続くアルバム「BEAT CITY」から僕がセルフ・プロデュースするようになった。サウンドの方向性も、「はじめてなのに懐かしい」から、アップ・トゥ・デイトな80年代型のロックサウンドにシフトした。康珍化さんがアルバム「BEAT CITY」のために書いてくれたのは次の2曲である。


08) 彼女のミステイク
09) 1984年のオリンピック


アルバム制作前に、YAMAHA DX-7とRolandのTR-909,そしてTEACのレコーダーを購入してデモテープを作りはじめた。それまで曲作りもアレンジも頭の中に描いたものをギターで譜面にしていた。
08)はその機材を使ってワクワクで作った最初の曲だ。

そしてこの「BEAT CITY」が康さんとの最後のアルバムになった。
1984年、高橋真梨子さんの「桃色吐息」でレコード大賞作詞賞を獲得され多忙になられた
ことも大きいが、よりサウンド志向へ変化していった僕の問題のような気もする。
夢のような思いだが、「30年後のWINTER WONDER LAND」を、康さんの詞で作れたらいいなという気持ちが、この特集をしているうちにだんだんと募ってきている今日この頃だ。

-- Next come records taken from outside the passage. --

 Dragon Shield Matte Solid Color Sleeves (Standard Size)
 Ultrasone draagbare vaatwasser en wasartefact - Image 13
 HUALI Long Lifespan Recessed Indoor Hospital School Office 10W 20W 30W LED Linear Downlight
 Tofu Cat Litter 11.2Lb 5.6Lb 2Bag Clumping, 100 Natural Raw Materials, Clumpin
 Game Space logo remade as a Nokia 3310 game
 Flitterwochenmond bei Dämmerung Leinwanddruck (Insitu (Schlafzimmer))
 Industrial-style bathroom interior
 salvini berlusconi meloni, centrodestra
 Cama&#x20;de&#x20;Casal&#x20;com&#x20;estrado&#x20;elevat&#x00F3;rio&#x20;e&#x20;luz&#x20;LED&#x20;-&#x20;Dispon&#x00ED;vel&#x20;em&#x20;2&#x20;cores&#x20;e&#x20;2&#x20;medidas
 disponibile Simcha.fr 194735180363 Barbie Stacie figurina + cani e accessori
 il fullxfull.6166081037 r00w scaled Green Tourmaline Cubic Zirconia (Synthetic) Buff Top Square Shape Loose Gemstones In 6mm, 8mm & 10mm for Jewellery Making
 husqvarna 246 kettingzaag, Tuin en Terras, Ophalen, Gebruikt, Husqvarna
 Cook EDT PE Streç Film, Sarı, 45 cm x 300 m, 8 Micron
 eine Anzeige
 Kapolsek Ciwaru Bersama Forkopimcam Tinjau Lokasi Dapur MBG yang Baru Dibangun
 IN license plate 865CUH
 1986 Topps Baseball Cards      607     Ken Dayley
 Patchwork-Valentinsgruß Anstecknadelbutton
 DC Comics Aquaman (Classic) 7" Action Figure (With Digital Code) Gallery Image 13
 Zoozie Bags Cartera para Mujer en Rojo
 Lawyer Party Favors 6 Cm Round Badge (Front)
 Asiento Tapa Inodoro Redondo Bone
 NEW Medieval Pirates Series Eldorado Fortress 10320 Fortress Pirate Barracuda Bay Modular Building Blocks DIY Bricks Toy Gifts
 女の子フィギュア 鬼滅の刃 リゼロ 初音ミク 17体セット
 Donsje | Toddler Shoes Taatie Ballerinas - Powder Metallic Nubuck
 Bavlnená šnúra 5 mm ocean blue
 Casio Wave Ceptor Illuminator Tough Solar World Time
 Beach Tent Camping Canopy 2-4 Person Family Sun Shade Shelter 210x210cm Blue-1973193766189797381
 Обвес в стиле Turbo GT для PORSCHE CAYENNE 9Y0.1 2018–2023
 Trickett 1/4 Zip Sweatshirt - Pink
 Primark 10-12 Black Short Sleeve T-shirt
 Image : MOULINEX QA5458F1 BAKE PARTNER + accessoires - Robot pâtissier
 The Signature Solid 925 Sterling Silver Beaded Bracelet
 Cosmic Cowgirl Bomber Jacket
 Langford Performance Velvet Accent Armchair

番外編である。1982年から2年間HBCで「サタデイナイト・クラッビング」というラジオ番組を小森まなみさんといっしょにやった。1983年に康さんと組んで彼女に「今夜だけあなたのティンカーベル」という曲を書いた。まなみちゃんのイメージから、このタイトルとメロディが僕の中に浮かんできて、康さんに全編の詞を仕上げてもらった。彼女にはその後何曲か書かせてもらったが、やっぱりはじめて書いたこの曲が一番印象に残っている。

「いろんな気持ち」の話しにはおちがある。いただいた頃、うっかり康さんのあとがきを読んでなかったことに今頃気づいた。「本の名前」と名付けられたあとがきには意外なことが ... 。
この詩集を企画されたのが康さんの大学の同級生で、その同級生は大学のとき「春一番コンサート」に出て自作の曲を歌っておられたというのだ。康さんと「春一番」につながりが?

その同級生とはハイファイ・レコードの大江田信さん。大江田さんが学生時代に組んでいたグループとは、2006年に再結成を果たした佐久間順平君との「林亭」のことだ。何とお互いのサイドストリーでも繋がりがあったなんて ... 。

この本をいただいたときにちゃんと読んでおくべきだった。今度お会いすることがあったら、「春一番」など、もうひとつの不思議な糸のつながりについてもお話をうかがいたいものだ。